■ **ENTRIES SHOWN**
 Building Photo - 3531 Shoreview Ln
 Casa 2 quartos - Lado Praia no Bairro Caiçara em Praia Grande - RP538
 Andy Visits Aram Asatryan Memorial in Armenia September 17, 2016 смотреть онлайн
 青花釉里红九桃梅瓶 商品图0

==

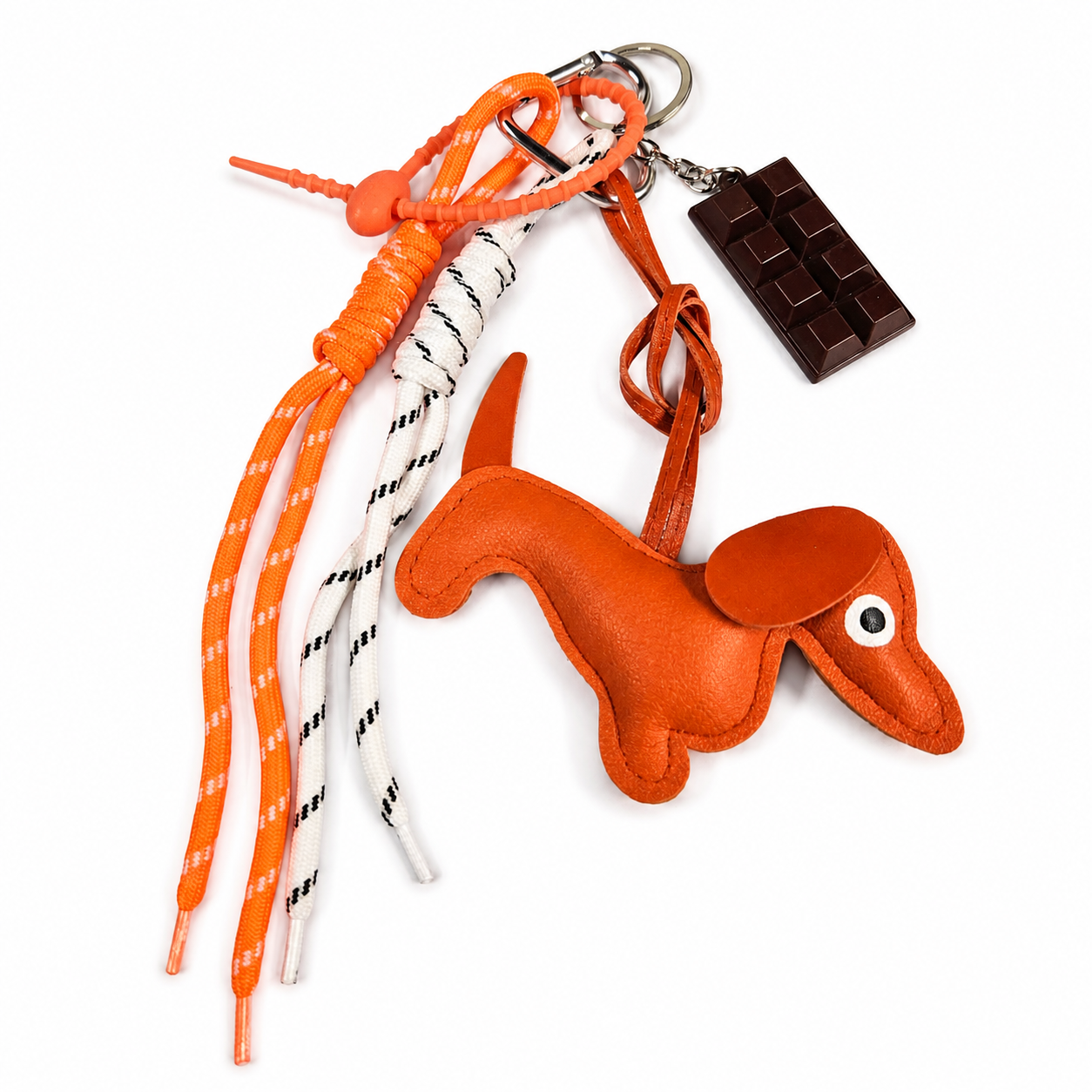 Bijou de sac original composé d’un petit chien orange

---

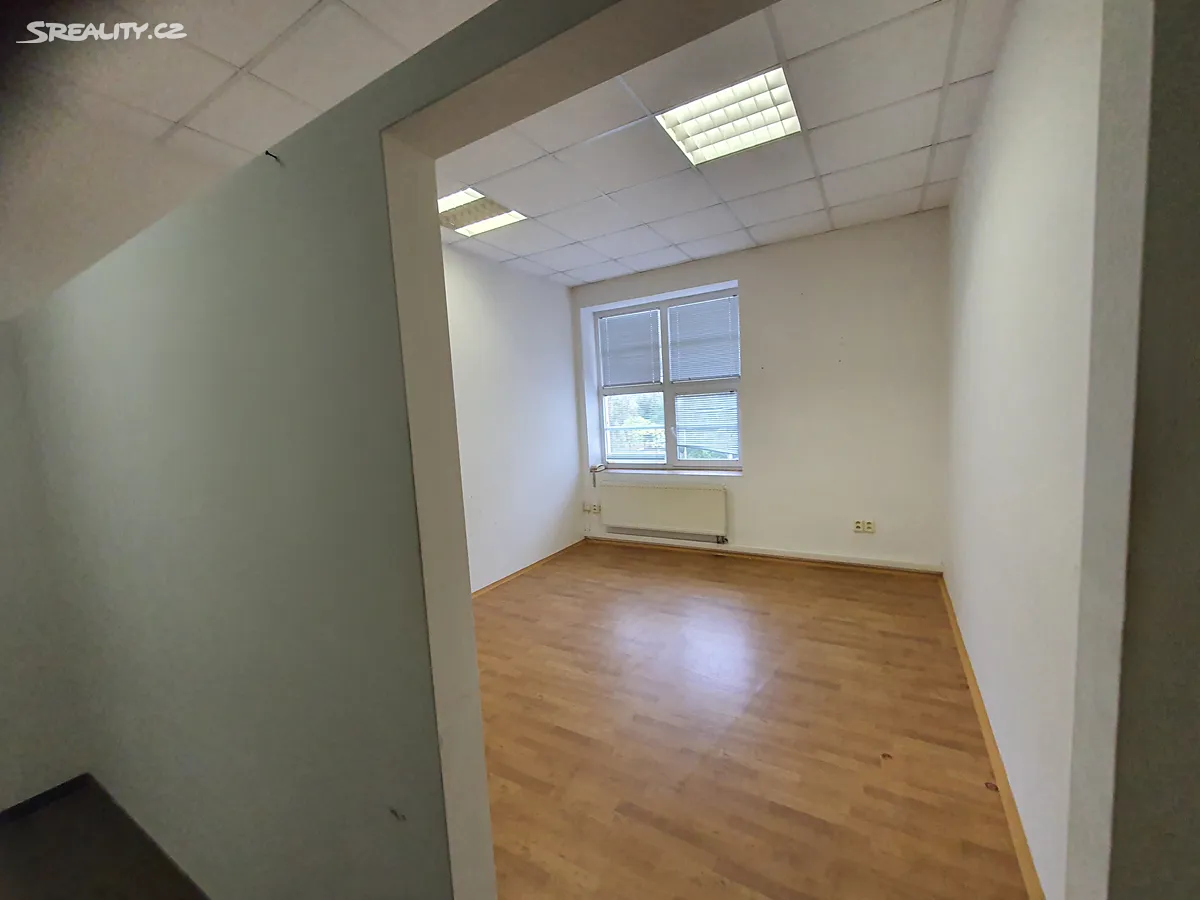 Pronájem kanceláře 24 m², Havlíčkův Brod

■ **ABOUT THIS TASK**
Working from the material above, restate word for word the lines between the line with "Building Photo - 3531 Shoreview Ln" and the line with "青花釉里红九桃梅瓶 商品图0", both included, and only those.

■ **TASK ANSWER**
 Building Photo - 3531 Shoreview Ln
 Casa 2 quartos - Lado Praia no Bairro Caiçara em Praia Grande - RP538
 Andy Visits Aram Asatryan Memorial in Armenia September 17, 2016 смотреть онлайн
 青花釉里红九桃梅瓶 商品图0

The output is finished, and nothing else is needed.